Sì è senz’altro così. I nostri antenati provengono dall’Africa. Me ne convito dalle immagini che bucano lo schermo, catturati dai cronisti tra le macerie di Gaza, e giungono fino a noi dal medio oriente deturpato dalla bestialità degli oppressori.
Gente inerme.
Bambini e mamme avvolte nei vancali con affianco uomini sporchi e malnutriti si aggirano tra le macerie accomunati da fisionomie note in Calabria. Tratti somatici mediterranei. Figure esili dai tratti marcati, più forti dei bombardamenti e degli uomini comandati in arme a seminare morte.
Persone tenaci in cerca di qualcosa. Qualche cosa di utile per affrontare la notte e di qualche recipiente da porgere ai cuochi di campo.
Sacchi di plastica, secchi, padelle, casseruole e persino i secchielli con cui i nostri bimbi giocano in spiaggia da riempire con derrate crude cadute o gettate dai convogli, riso, pasta, patate. Roba raccattata e custodita tenacemente da condividere con i familiari. Questa sì è una guerra per la sopravvivenza tra poveri.
Gente consumata dalle avversità che non sa come riempire di speranza gli occhi e la vita dei figli.
Gente angosciata. Come lo era la nostra, di gente, negli anni del dopoguerra. Che, per sopravvivere, con dignità, bussò alle porte delle chiese e dei luoghi addetti alla distribuzione umanitaria.
Non fu e non è disonorevole! L’autoconservazione è un imperativo Assoluto.
Padri e figli, anziani e donne autosufficienti spostano le poche misere cose salvate dal fuoco ostile e stipate nei carretti pieni all’inverosimile, spinti con la forza della disperazione o trainati da ossuti asini, migrano.
Come fecero i nostri antenati e, parimenti, scalzi e con le toppe al culo. Seri della serietà cupa ereditata dagli orrori della fame. Intimoriti non dal domani ma dall’imminenza. Sperano.
Niente di nuovo sotto il cielo per noi gente del sud, con qualche trascorso campagnolo, che, anche in periodi di pace, abbiamo conosciuto la miseria.
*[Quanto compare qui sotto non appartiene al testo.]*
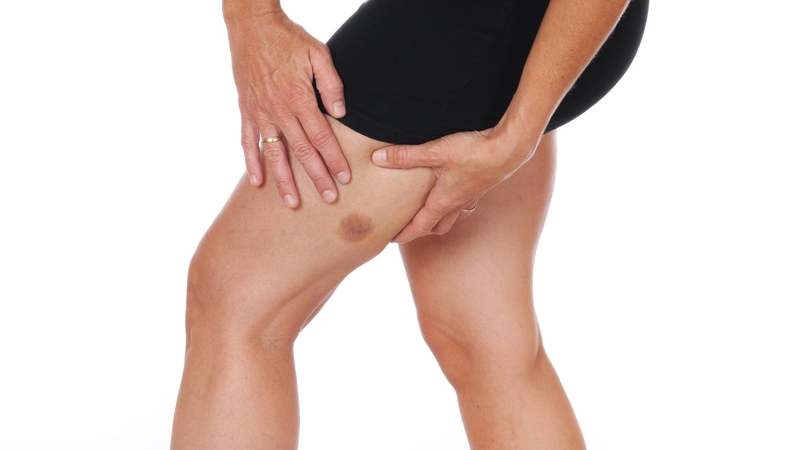 Tìm hiểu về cơ Hamstring và một số chấn thương thường gặp 2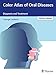 Produktbild Color Atlas of Oral Diseases: Diagnosis and Treatment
Situazione umana drammatica e amara, resa poetica dalla sensibilità degli uomini di buona penna e dai pennelli virtuosi. Scrittori e pittori, a volte maestri inconsapevoli di Retorica,
che rimane tatuata sulla pelle dei sopravvissuti e si rinnova ad ogni catastrofe, voluta dalla cinica stupidità umana o scaturita dalla forza prorompente della natura.